> [AIM OF THE TASK]:
Only one span of the listing below is wanted: the lines from the one with "This is Chris" through the one with "Once the device", reproduced exactly, both ends kept.

> [EXERCISE INPUT]:
'''
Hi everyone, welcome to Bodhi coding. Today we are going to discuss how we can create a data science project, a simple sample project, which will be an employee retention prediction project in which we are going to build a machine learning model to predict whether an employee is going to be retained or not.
'''
'''
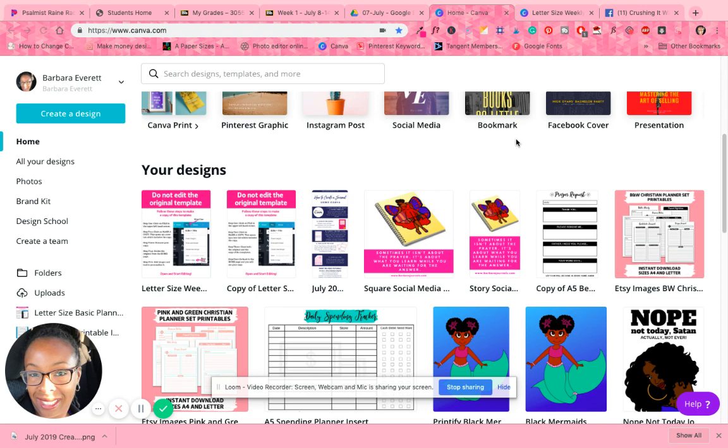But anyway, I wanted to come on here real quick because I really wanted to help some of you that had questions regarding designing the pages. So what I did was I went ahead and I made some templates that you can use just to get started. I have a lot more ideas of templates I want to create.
'''
'''
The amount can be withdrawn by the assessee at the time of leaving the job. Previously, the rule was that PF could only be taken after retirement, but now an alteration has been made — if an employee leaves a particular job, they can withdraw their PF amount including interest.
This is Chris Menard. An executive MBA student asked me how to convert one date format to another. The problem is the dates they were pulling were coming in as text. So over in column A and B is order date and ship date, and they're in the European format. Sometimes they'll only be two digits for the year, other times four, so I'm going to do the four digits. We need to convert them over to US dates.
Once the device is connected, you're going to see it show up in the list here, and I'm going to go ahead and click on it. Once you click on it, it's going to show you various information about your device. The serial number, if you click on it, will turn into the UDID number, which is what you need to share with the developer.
'''
> [ANSWER TO THIS EXERCISE]:
This is Chris Menard. An executive MBA student asked me how to convert one date format to another. The problem is the dates they were pulling were coming in as text. So over in column A and B is order date and ship date, and they're in the European format. Sometimes they'll only be two digits for the year, other times four, so I'm going to do the four digits. We need to convert them over to US dates.
Once the device is connected, you're going to see it show up in the list here, and I'm going to go ahead and click on it. Once you click on it, it's going to show you various information about your device. The serial number, if you click on it, will turn into the UDID number, which is what you need to share with the developer.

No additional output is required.